Information is power and data is the new oil. Whoever controls data or has the power and resources to manipulate it can influence entire countries, e.g., through search engine manipulation effect. Similarly, content can easily be maliciously doctored or manufactured all together, e.g., using deepfake technologies. Knowing the origin of a piece of information is becoming vitally important to our societies. We want to bring back trust in the data and give users the power to validate the source of the content they consume by bridging the gap between a fully decentralized web and the current centralized infrastructure of Web 2.0.
What it does
Once on the distributed ledger, information is considered secure, immutable, tamper-resistant and permanent. Our ambition is to seamlessly extend this trust to include sensors, gateways and other devices provisioning data, and do that with little to none changes to existing data pipelines and infrastructure.

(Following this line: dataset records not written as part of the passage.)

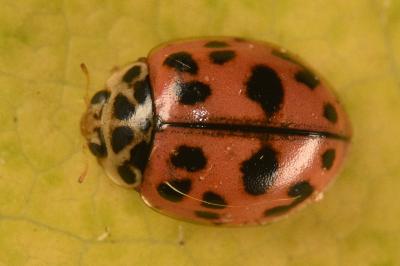 <i>Oenopia conglobata</i>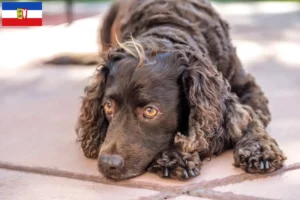 Lees meer over het artikel Amerikaanse Water Spaniel fokkers en pups in Sleeswijk-Holstein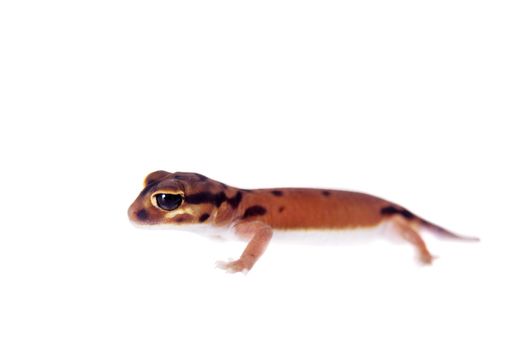 Pale Knob-tailed Gecko, Nephrurus laevissimus, isolated on white background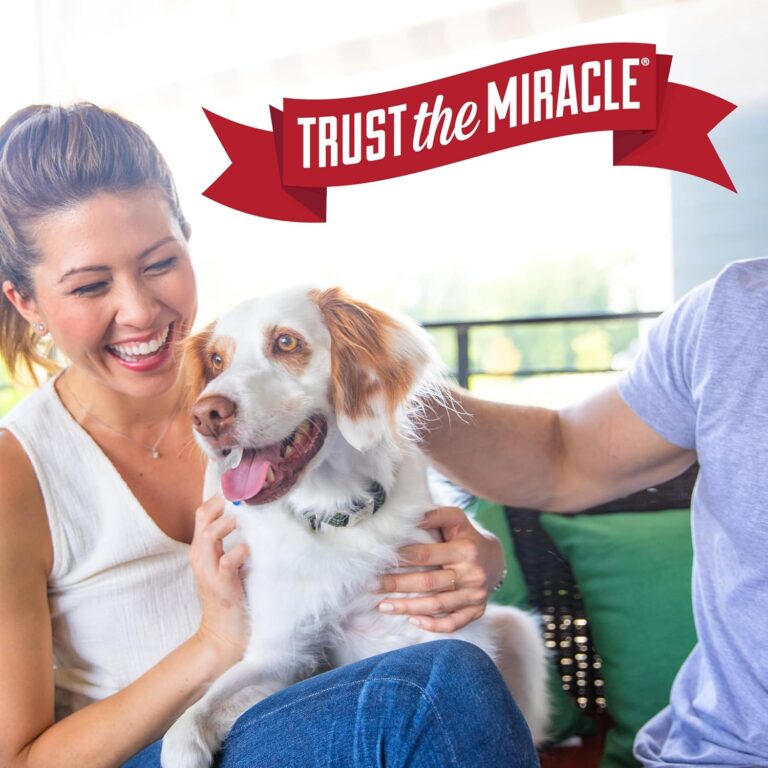 Nature’s Miracle Stain and Odor Remover Dog Review: A 32-Ounce Enzymatic Cleaner That Helps Tackle Everyday Pet Messes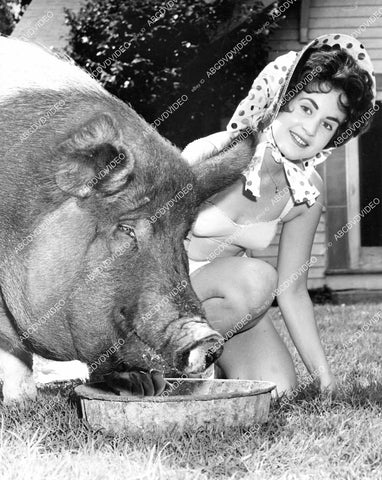 crp-08403 1950's pretty 19 yo Sharon Azhderian Los Angeles County Fair Queen w giant hog crp-08403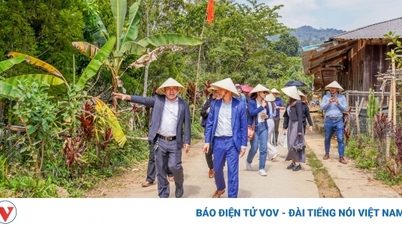 ឧស្សាហកម្មសណ្ឋាគារ Da Nang ជួយកសិករ Co Tu ប្រើប្រាស់ផលិតផលកសិកម្ម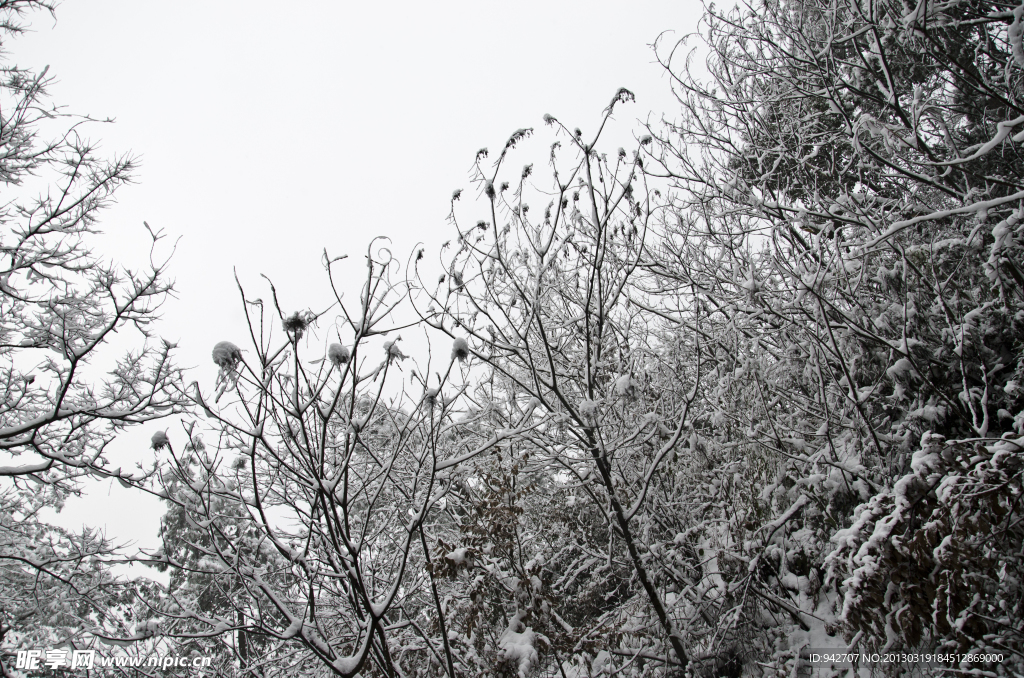 雪景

At the same time, we'd like to abstract the DLT layer from an end-user, since the majority of the population needs a transition period to get acquainted with the decentralized web.
Reksio creates a trust layer on top of your existing data layer. It's a data notarization service that is both DLT- and storage-agnostic, specifically designed for streaming data: video and IoT sensor measurement stream.
The trust layer is used to verify that the data we own has not been modified, serving as proof to ourselves and third party consumers. An example scenario is a video surveillance maintainer providing an extra means of security, a court looking to authenticate evidence or a media agency looking to tamper-proof video assets.
How we built it
Our goal was to create an intuitive, low-cost, non-intrusive MVP capable of efficiently tackling high velocity, high volume video and data stream and storage inefficiency of the Ethereum Network.
For Diffusion 2019 purposes our team decided to set up a version handling the notarization of a live video feed only. We started with a very simple landscape simulating a status quo situation using the following components:
- RTSP server (based on GStreamer) producing video stream
- RTSP client (based on openRTSP) receiving the data, generating 30-second long
- S3-compatible storage (Minio) to host the client output.
Pluggable data notary
Reksio is an agent that can be seamlessly plugged into an existing architecture like the one above. It is positioned between the RTSP client and storage, calculates hashes of the data and commits the hashes to the blockchain to effectively create a permanent data seal of authenticity.
The following core services are part of the implementation:
- Secretary is a proxy agent that (a) intercepts the RTSP client output files, (b) calculates hashes for each file, (c) sends the files to the S3 storage and (d) sends the calculated hashes, including file name, to the Notary service.
- Notary is an agent communicating with the DLT for (a) storing the filenames and their corresponding hashes and (b) retrieving hashes from the DLT.
- Frontend to facilitate configuration and provide dashboards.
Hardware-based security layer
Our solution has a very strong focus on security. We're using hardware wallets in the form of Infineon Blockchain Security 2 Go a smart card to sign transactions. In the PoC it is connected to the single-board computer (SBC) running the Notary service through an off-the-shelf NFC/smartcard card reader.
Challenges we ran into
S3 interface. We underestimated the complexity of the AWS S3 interface. Initially, we wanted to use Secretary to intercept AWS S3 request to (a) send it 1:1 to AWS S3 for storage and (b) process the file being sent for the notarization purposes. This turned out impossible due to the authorization mechanism in AWS S3. Due to time limitations, this remains still partially unresolved. As of now, we read a client request, proxy the request to S3 but we do not proxy the S3 response back to the caller.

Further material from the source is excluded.